Brief descriptive captions:
Segment Open

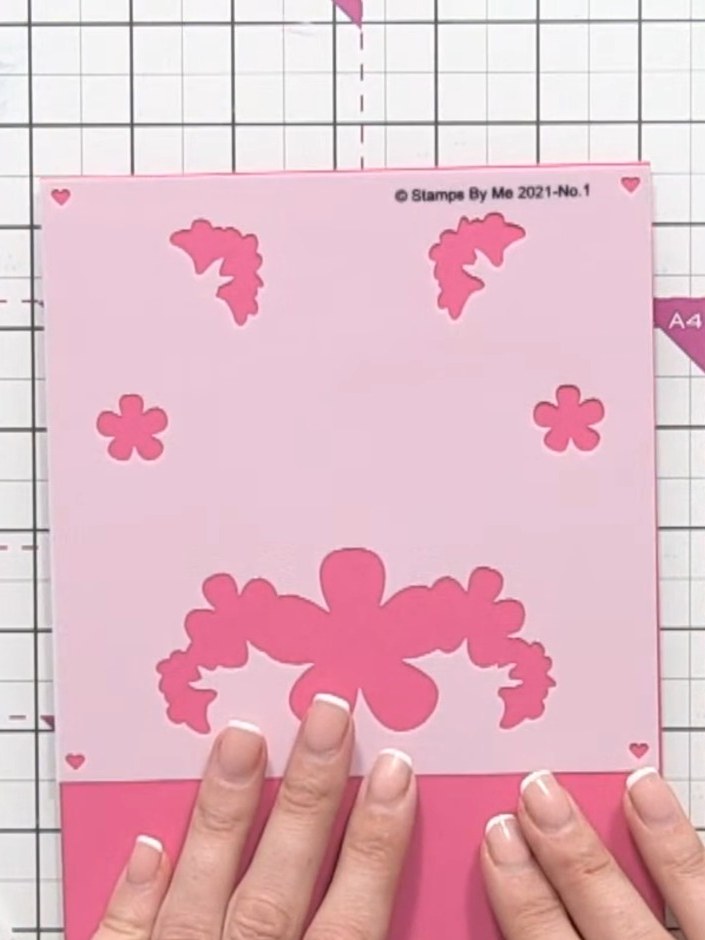 Step 1: Start with a pink card blank as your base. Position the layering stencil on top to plan your design.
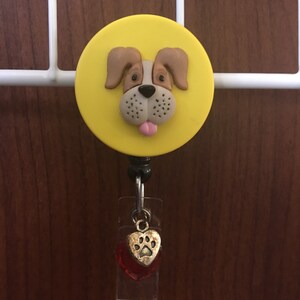 Tan dog face badge holder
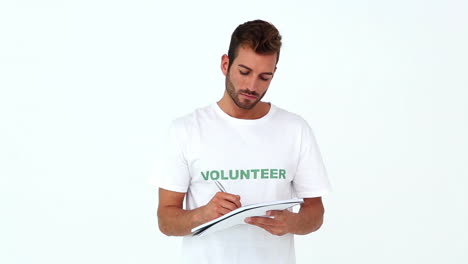 Handsome-volunteer-writing-on-notepad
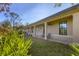 Well-maintained exterior features a covered porch and lush landscaping at 1115 Gladstone Blvd, Englewood, FL 34223
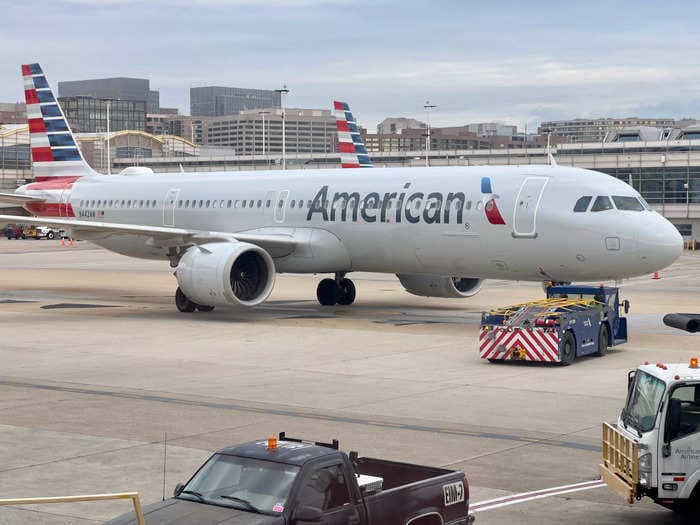 Video shows flames and smoke pouring out of the wing of an American Airlines plane just before takeoff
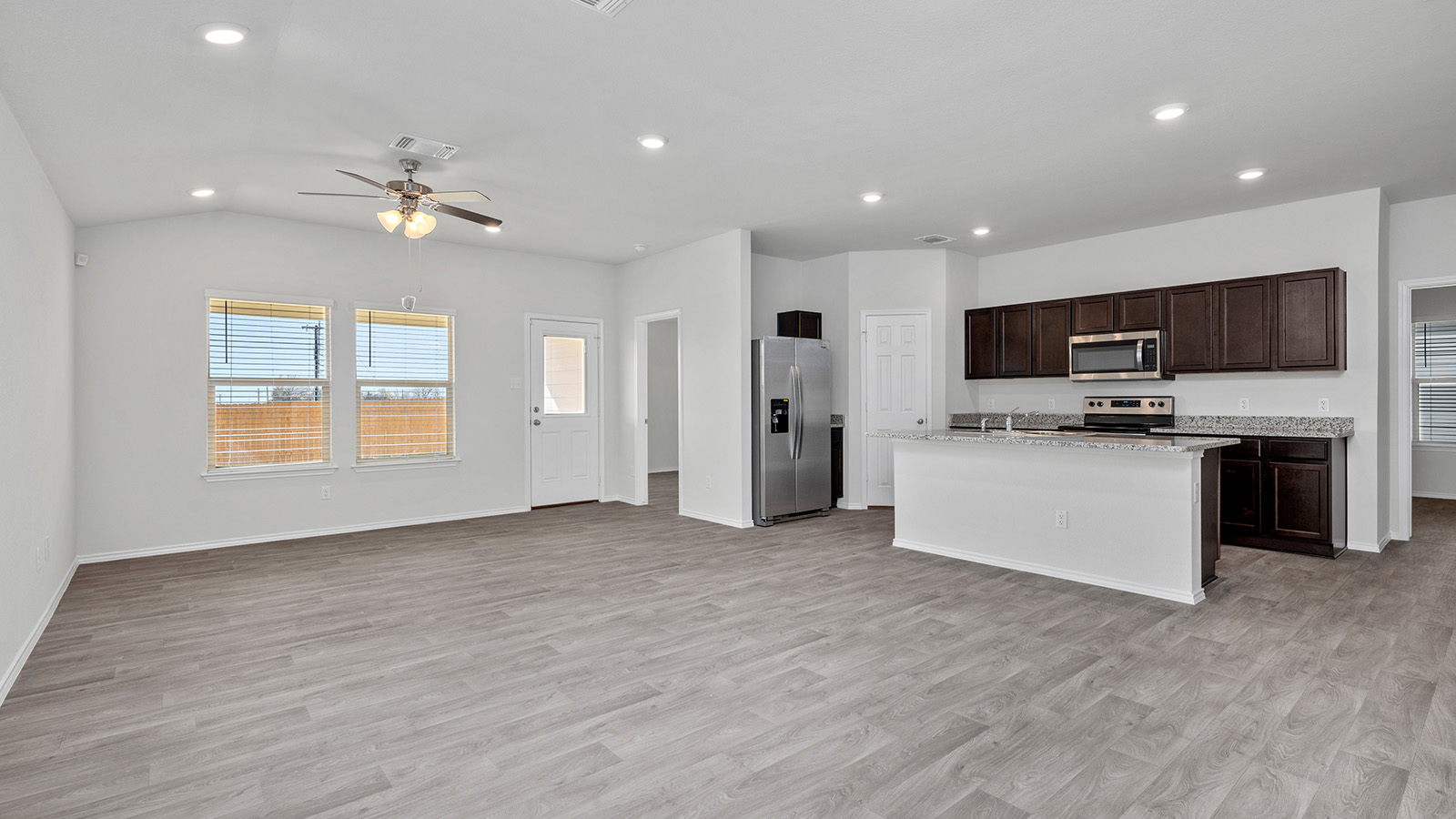 1316 Coriander Road Temple, TX 76501 - Photo 21 of 22 a view of kitchen with microwave a stove top oven and cabinets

Segment Closed

Exercise
Every line of the data above is to be set down word for word, with the pictures left out.

Problem solution
 Step 1: Start with a pink card blank as your base. Position the layering stencil on top to plan your design.
 Tan dog face badge holder
 Handsome-volunteer-writing-on-notepad
 Well-maintained exterior features a covered porch and lush landscaping at 1115 Gladstone Blvd, Englewood, FL 34223
 Video shows flames and smoke pouring out of the wing of an American Airlines plane just before takeoff
 1316 Coriander Road Temple, TX 76501 - Photo 21 of 22 a view of kitchen with microwave a stove top oven and cabinets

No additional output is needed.